29.     Mr Anthony Hill is currently the sole proprietor of the McCluskys practice.  He was a partner from January 1984 and recalled the disposition by the applicant of his 25 percent interest in the partnership in the late 1980's.  He recalled that there was a distribution of 20 percent of that interest to the incoming partner and a retention by the applicant of 5 percent which was eventually transferred to the new partner at a later time.  The evidence of Mr Hill was qualified by these events having occurred almost 20 years previously, there was no documentation, the partners' meetings were not recorded in Minutes, his recollection was poor and the financial matters concerning the practice were largely conducted by Mr Umbers.  Mr Hill acknowledged that he signed the letters found at pages 47 and 53 which were drafted by the applicant.

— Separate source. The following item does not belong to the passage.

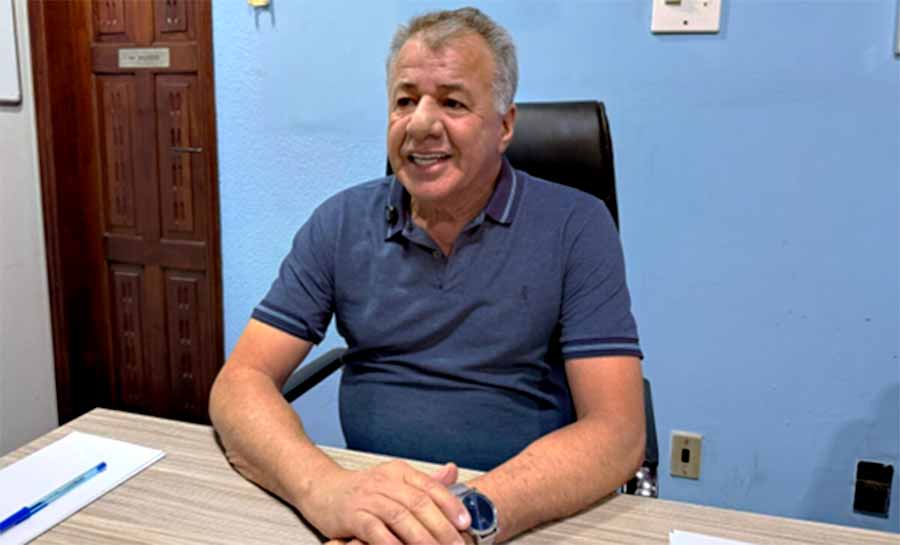Sob nova direção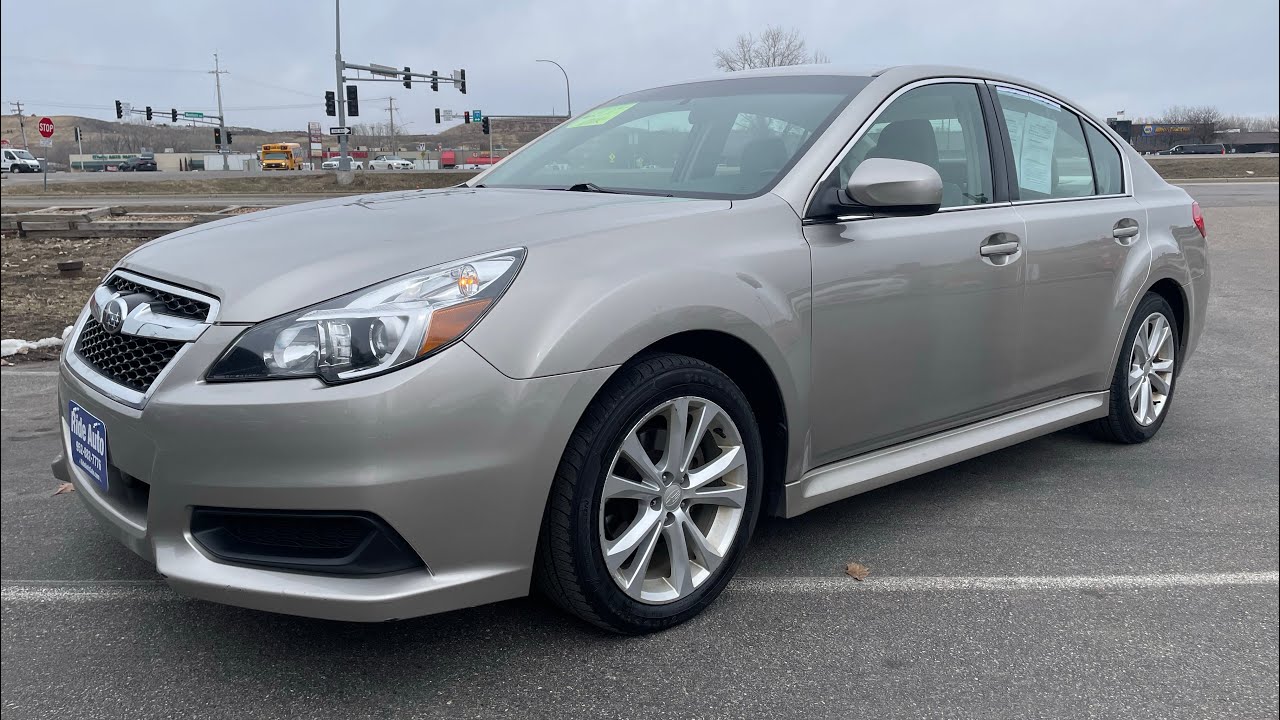 Subaru Legacy 2014 года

30.     In cross examination, Mr Hill said he had no belief of the applicant attending partnership meetings after 20 percent of his interest was transferred.  He said he did not ever consider whether the applicant would be entitled to participate in the partners' meeting despite holding a 5 percent equity.  He agreed that after 25 November 1990, when the remaining 5 percent was transferred, the applicant would have no rights of attendance at partners' meetings.  However the partners did consult him from time to time because they valued his opinions.  He said the applicant worked independently as a senior solicitor after 1 January 1989 and again after 25 November 1990 without any variation in his conduct within the practice.  He did not act under the direction of the partners and he was not supervised.

31.     Mr Hill did not believe that if there had been dissolution of the partnership that the applicant would have an entitlement to 5 percent of the assets but said that issue had not ever been discussed or considered.  He agreed however that on strict interpretation the applicant would have an entitlement to 5 percent on dissolution.  He also agreed that each partner would be jointly and severely liable in the event of an action against the practice and in the event that the assets of the other partners were not able to be realised, the applicant could be sued for the whole lot (Trans p24).

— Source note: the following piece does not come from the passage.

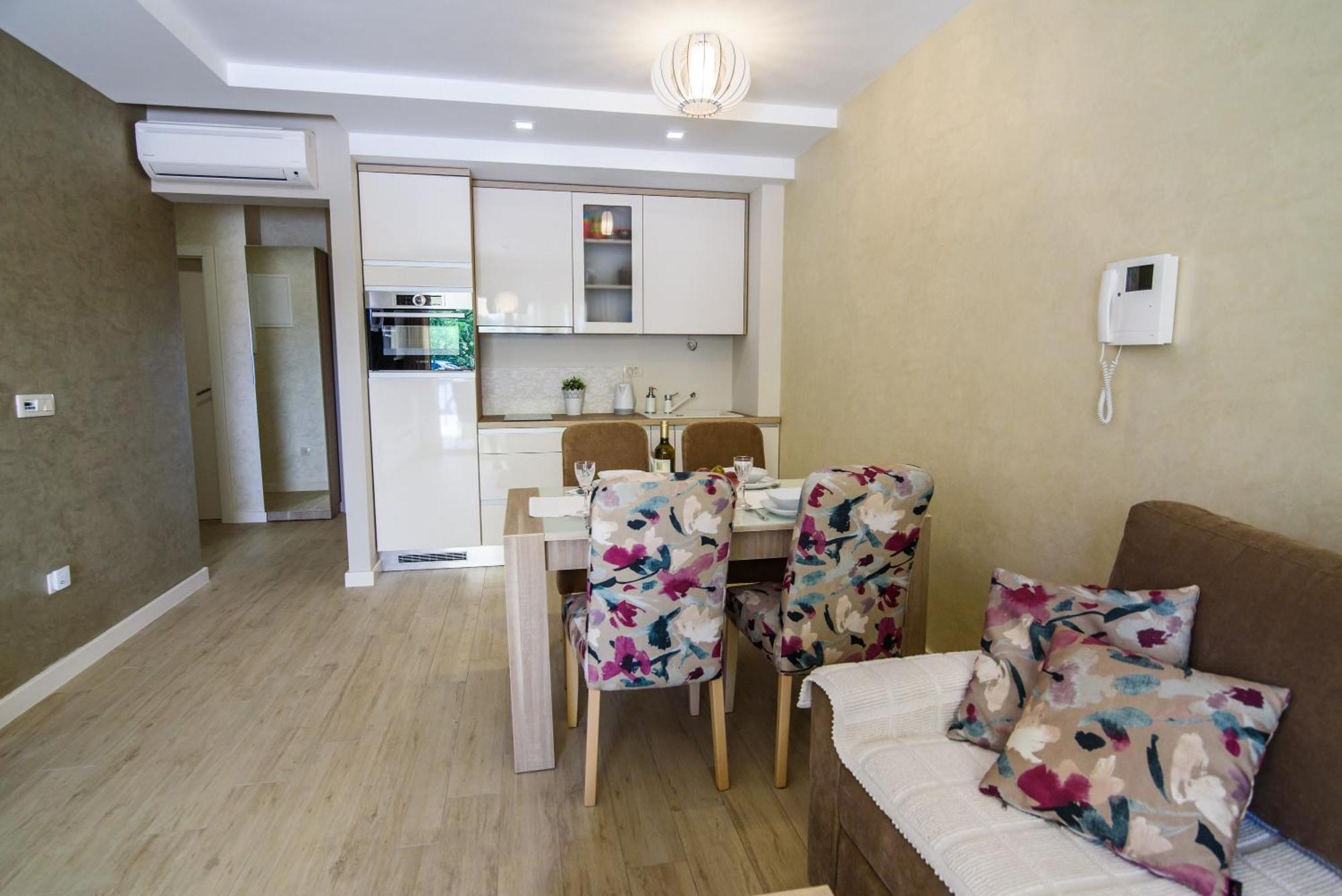 Apartments Leone Lukas Promajna Pokój zdjęcie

32.     When Mr Hill observed the letter of 9 November 1990 (Ex A3) he agreed, on the face of it, that the applicant was being represented as a partner in the 1990 income year.  Mr Hill also agreed the letter records the remuneration payable to the applicant as being a share of profit but he explained that he was not involved in the financial arrangements negotiated with the applicant and he thought that the only remuneration payable was by an hourly rate.  Mr Hill said he did not know whether taxation instalments were taken out of the monies paid to the applicant.  He also agreed on the face of the letter that it would appear that the applicant did receive a distribution from the practice trust and the amount paid to the applicant, calculated by regard to the hours worked, was offset by the amount that he did receive from the trust.  He said he had no idea why that sum would be deducted from the gross hourly income and said that he would defer to Mr Umbers.  He thought the reference to a share of profit was an expression used by the bookkeeper who  would have sent the figures off to the accountant and the accountant would have done the paperwork.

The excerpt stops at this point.